What needs to be done: Your answer must be the exact lines from the one holding "Schleich - Maman" through the end of the entries, with no pictures.

Data for analysis:
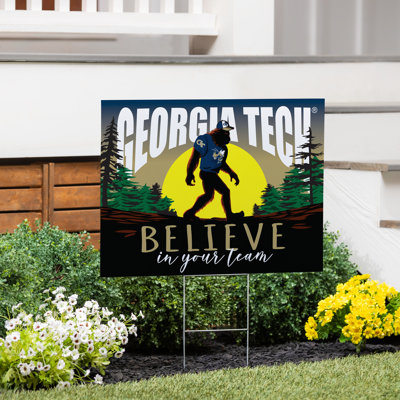 Enseigne de parc Georgia Tech, Bigfoot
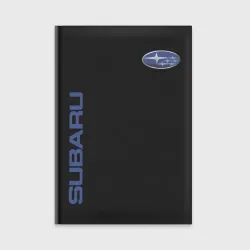 Ежедневник Subaru Субару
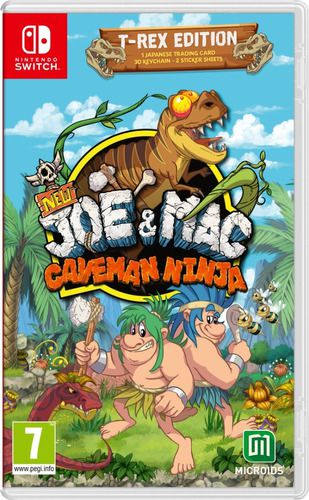 NEW Joe & Mac - Caveman Ninja, Jogos para a Nintendo Switch, Jogos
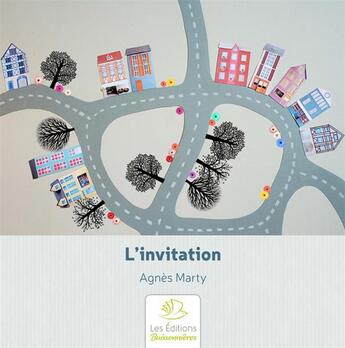 Couverture du livre « L'invitation » de Marty Agnes aux éditions Buissonnieres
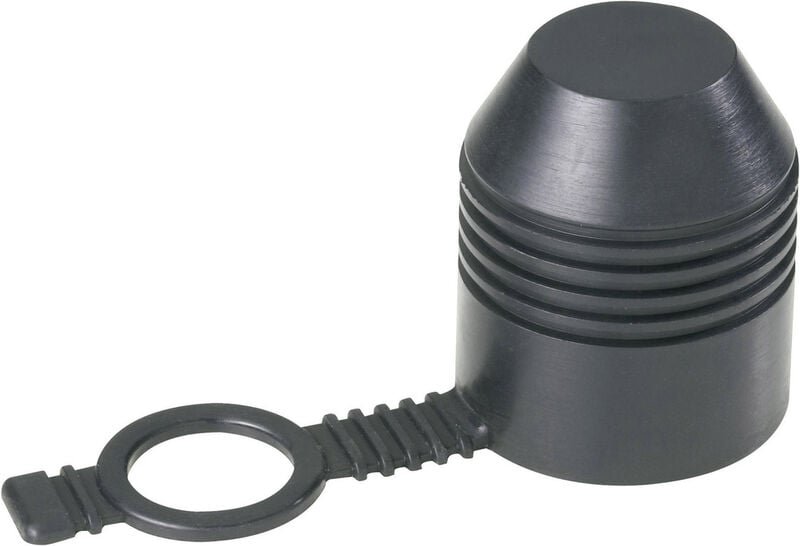 Anhängerkupplungs-Kappe Schwarz - Hp Autozubehör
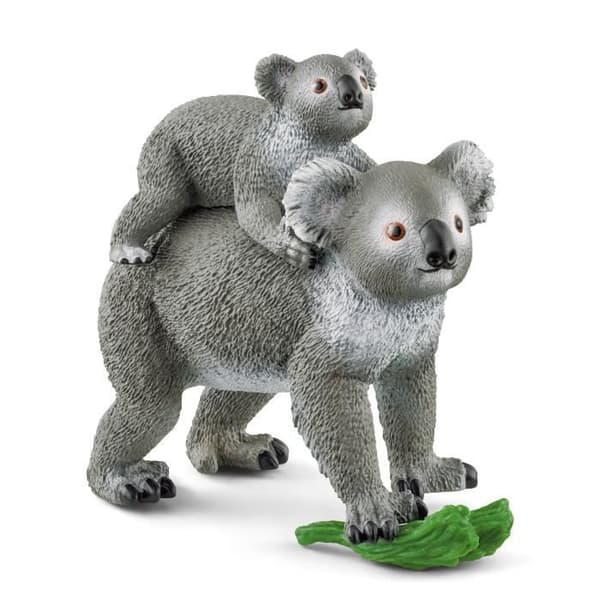 Schleich - Maman och Baby Koala - 42566 - Wild Life Range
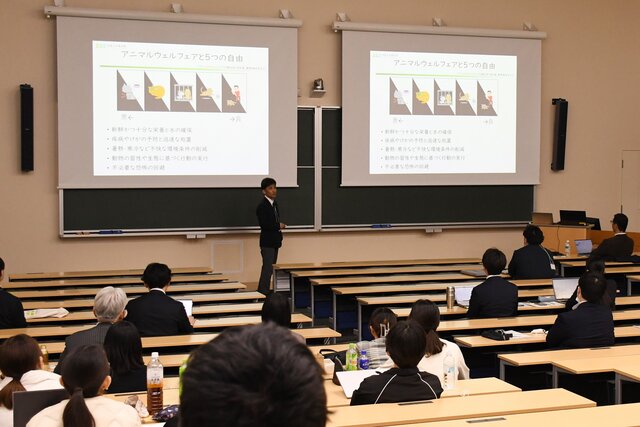 交流会の様子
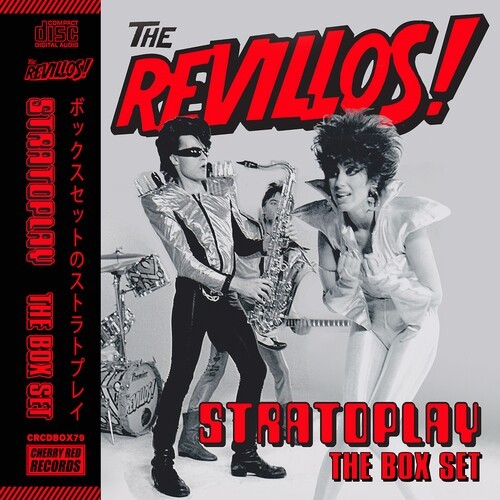 Revillos - Stratoplay: Box Set [New CD] Boxed Set, UK - Import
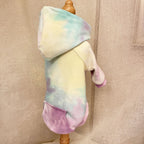 Schnauzer Tie-Dye Sweater for Pets Fashion Trend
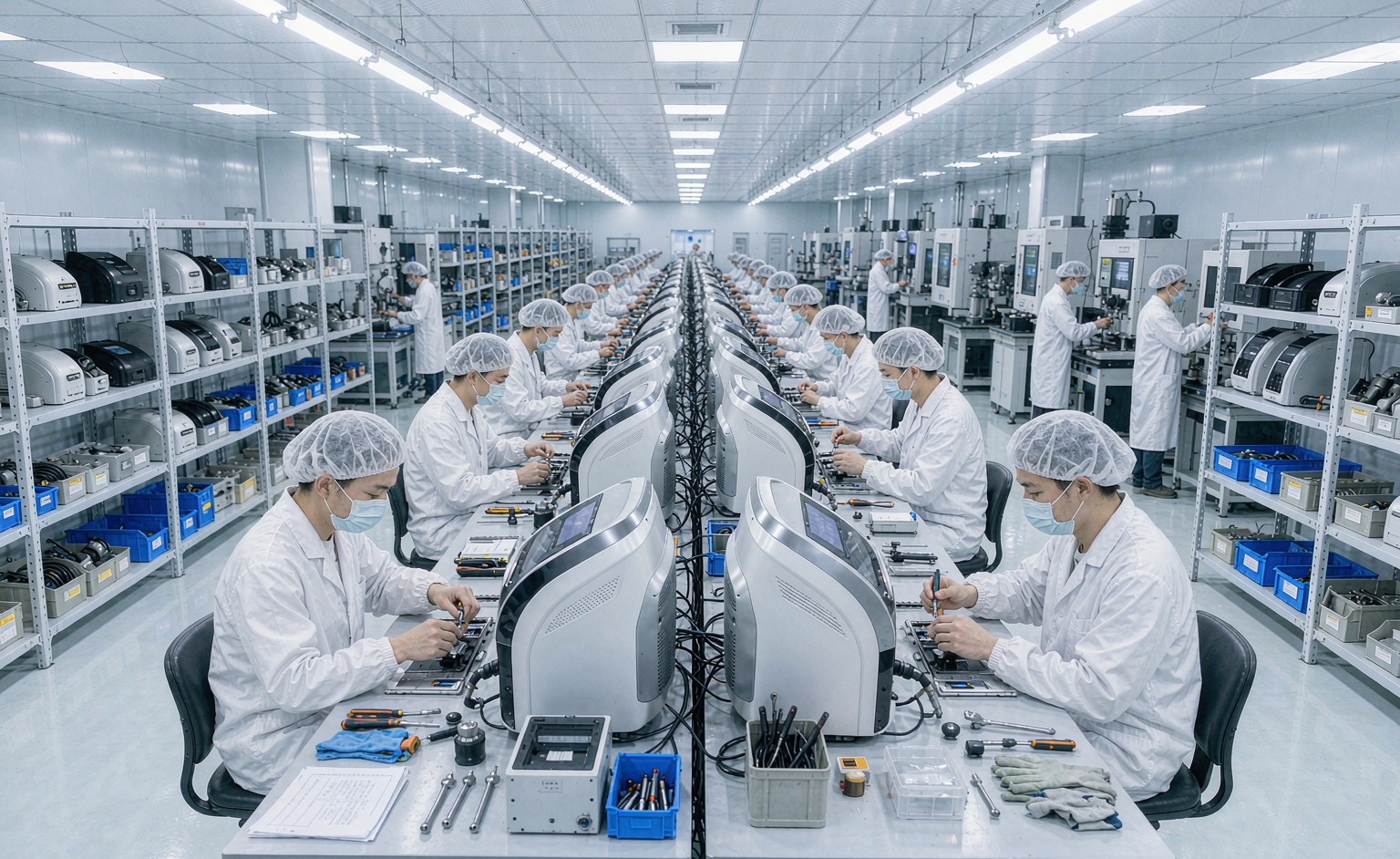 SUMSTARS laser equipment manufacturing factory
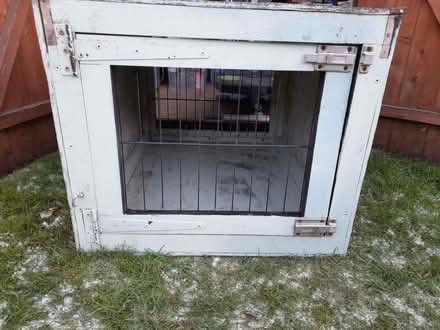 Photo of free Dog crate (Stisted CM77) #2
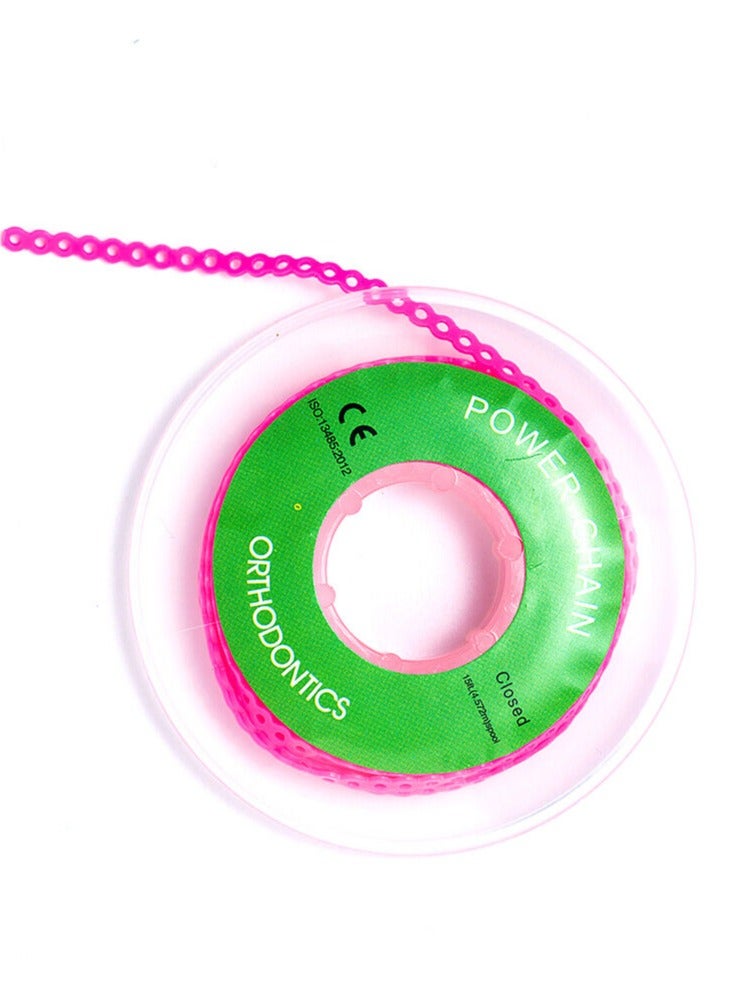 keemz Power chain closed-pink color - Image 1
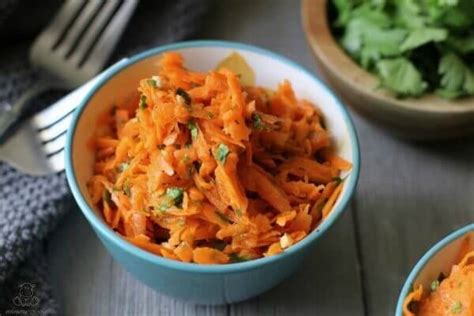 Spicy Carrot Salad Recipe | Mommypotamus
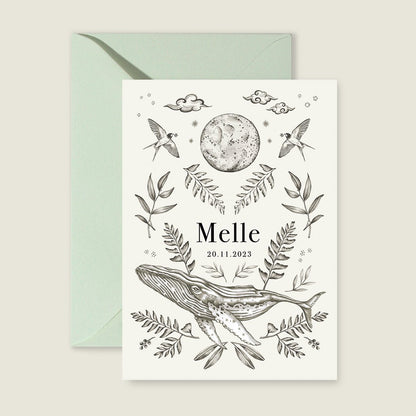 Sample Nature Whale - Story of July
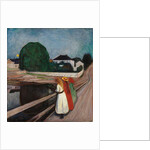 Girls on the Pier, c.1901 by Edvard Munch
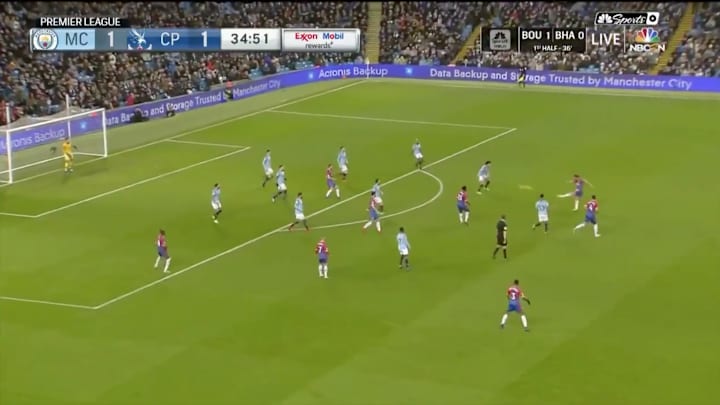 Watch: Crystal Palace's Andros Townsend Rockets Goal of the Year vs. Man City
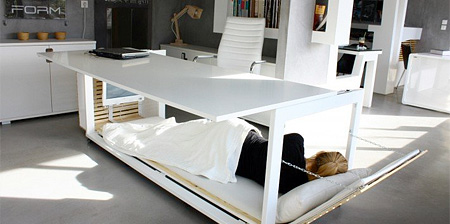 Office Desk Bed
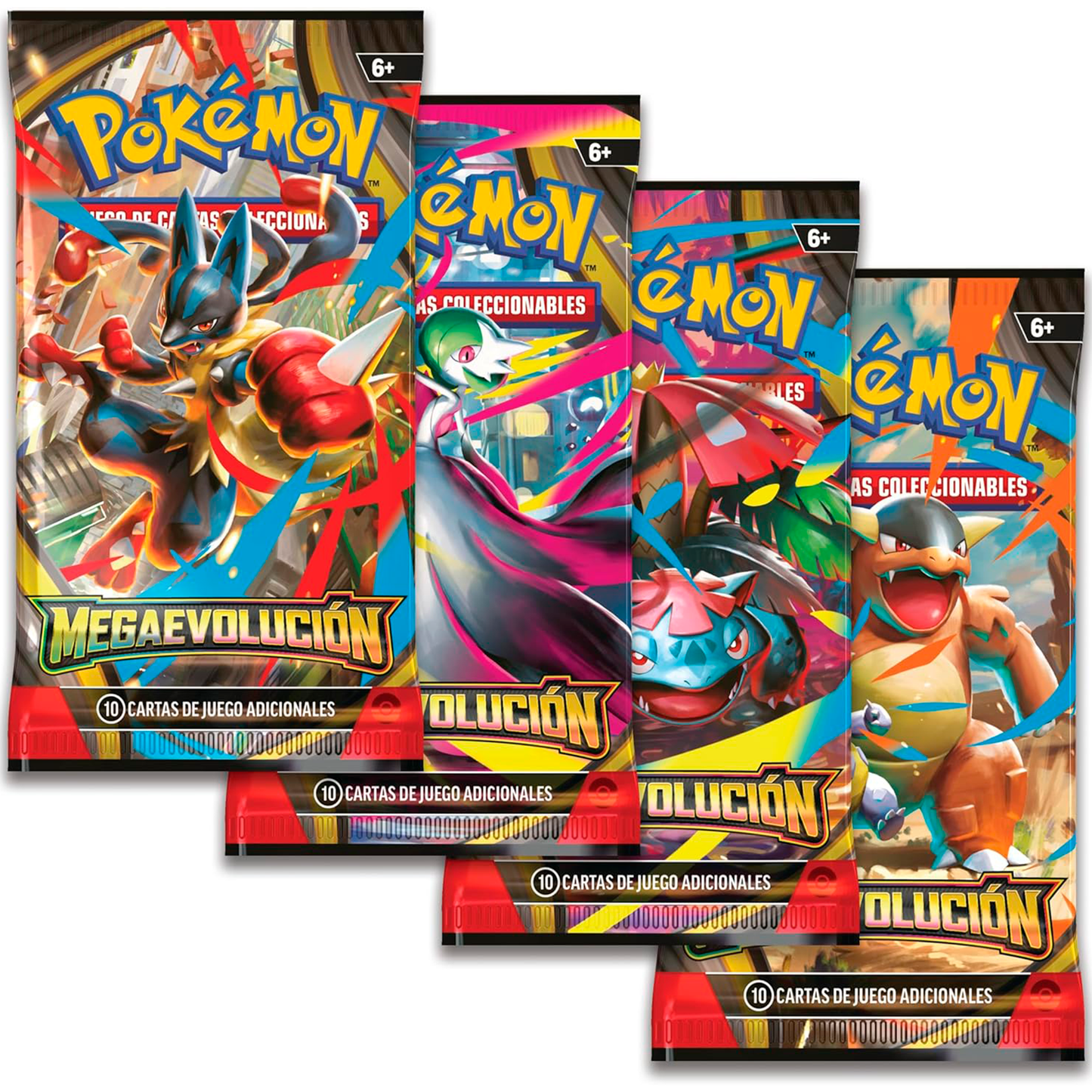 Caja Pokémon Megaevolución (18 Sobres) – Pokémon TCG [Español]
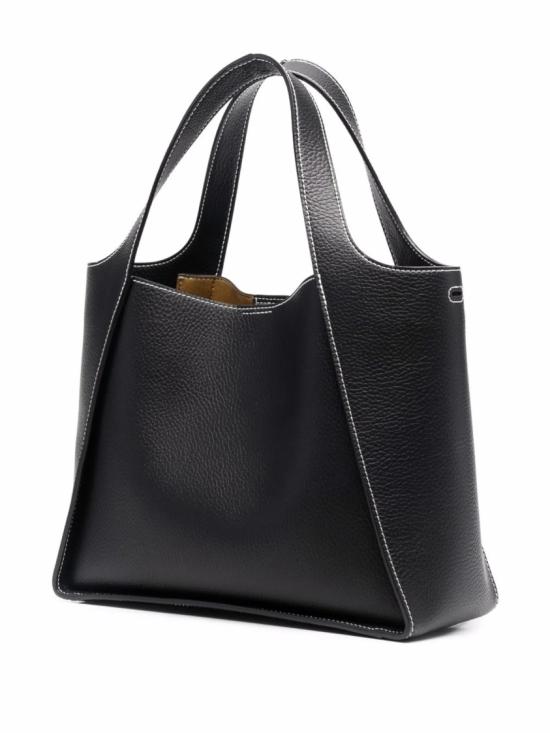26FW 스텔라 맥카트니 로고 크로스바디 토트백 513860 WP0057 Black - STELLA MCCARTNEY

Result:
 Schleich - Maman och Baby Koala - 42566 - Wild Life Range
 交流会の様子
 Revillos - Stratoplay: Box Set [New CD] Boxed Set, UK - Import
 Schnauzer Tie-Dye Sweater for Pets Fashion Trend
 SUMSTARS laser equipment manufacturing factory
 Photo of free Dog crate (Stisted CM77) #2
 keemz Power chain closed-pink color - Image 1
 Spicy Carrot Salad Recipe | Mommypotamus
 Sample Nature Whale - Story of July
 Girls on the Pier, c.1901 by Edvard Munch
 Watch: Crystal Palace's Andros Townsend Rockets Goal of the Year vs. Man City
 Office Desk Bed
 Caja Pokémon Megaevolución (18 Sobres) – Pokémon TCG [Español]
26FW 스텔라 맥카트니 로고 크로스바디 토트백 513860 WP0057 Black - STELLA MCCARTNEY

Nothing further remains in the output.